***** Recorded information

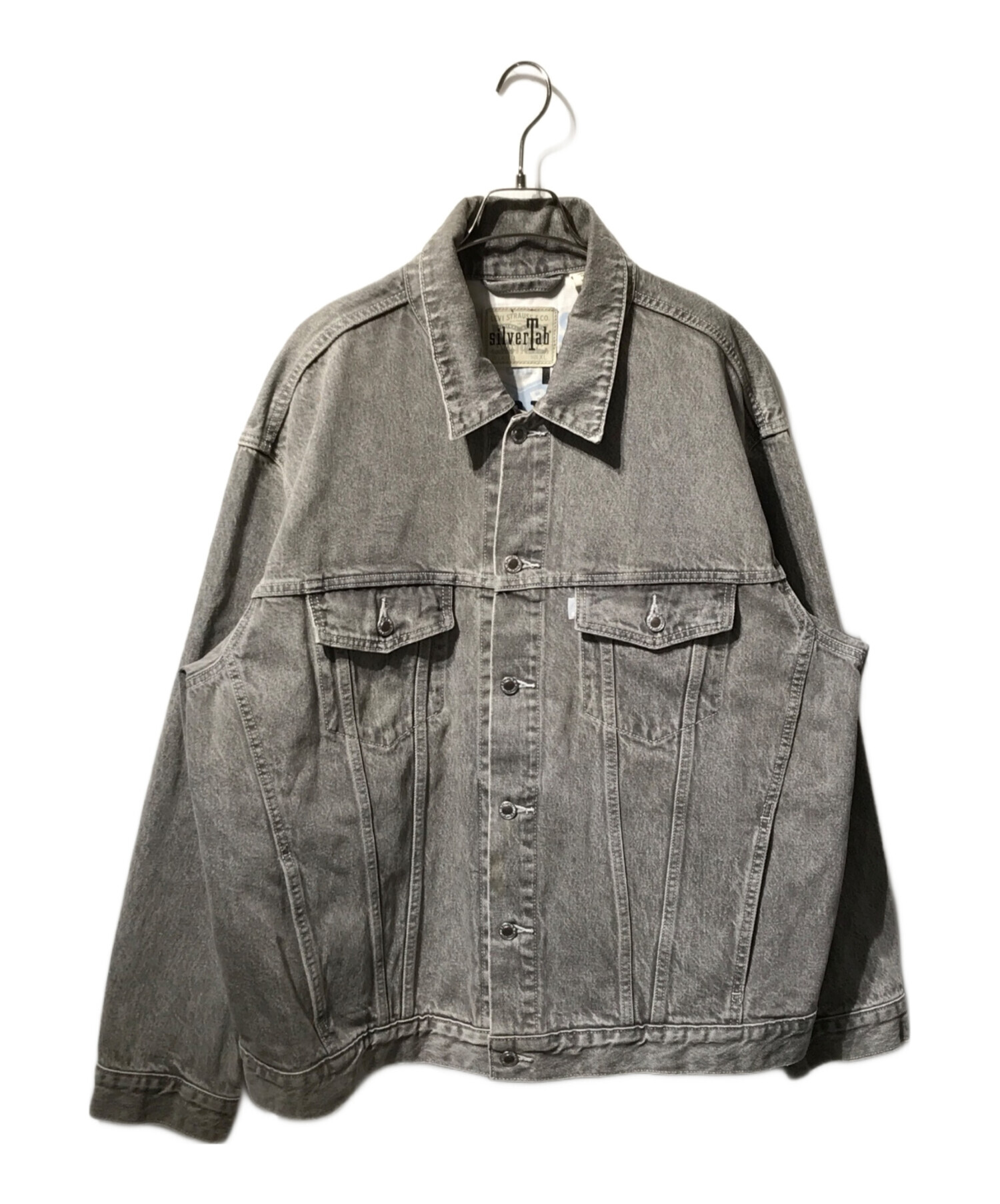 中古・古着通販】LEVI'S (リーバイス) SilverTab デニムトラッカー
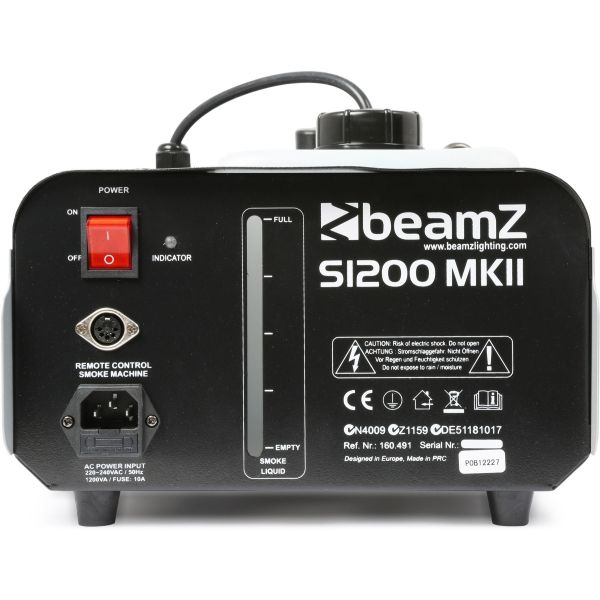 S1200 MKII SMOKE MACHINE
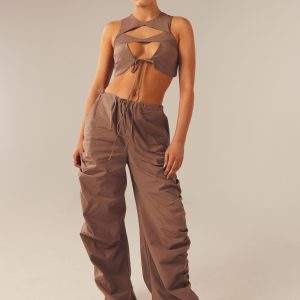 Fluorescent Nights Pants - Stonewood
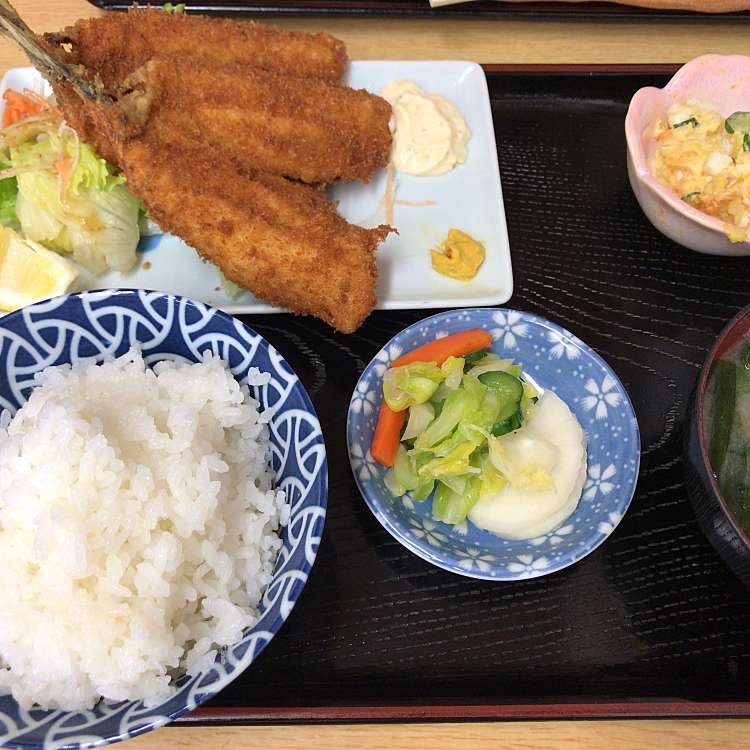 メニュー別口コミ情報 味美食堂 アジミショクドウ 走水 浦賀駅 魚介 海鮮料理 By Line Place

**********

**Exercise aim**
Reproduce the lines of the listing exactly, starting at the one that contains "S1200 MKII SMOKE MACHINE" and continuing through the final line, but leave out the pictures.

**Written answer**
 S1200 MKII SMOKE MACHINE
 Fluorescent Nights Pants - Stonewood
 メニュー別口コミ情報 味美食堂 アジミショクドウ 走水 浦賀駅 魚介 海鮮料理 By Line Place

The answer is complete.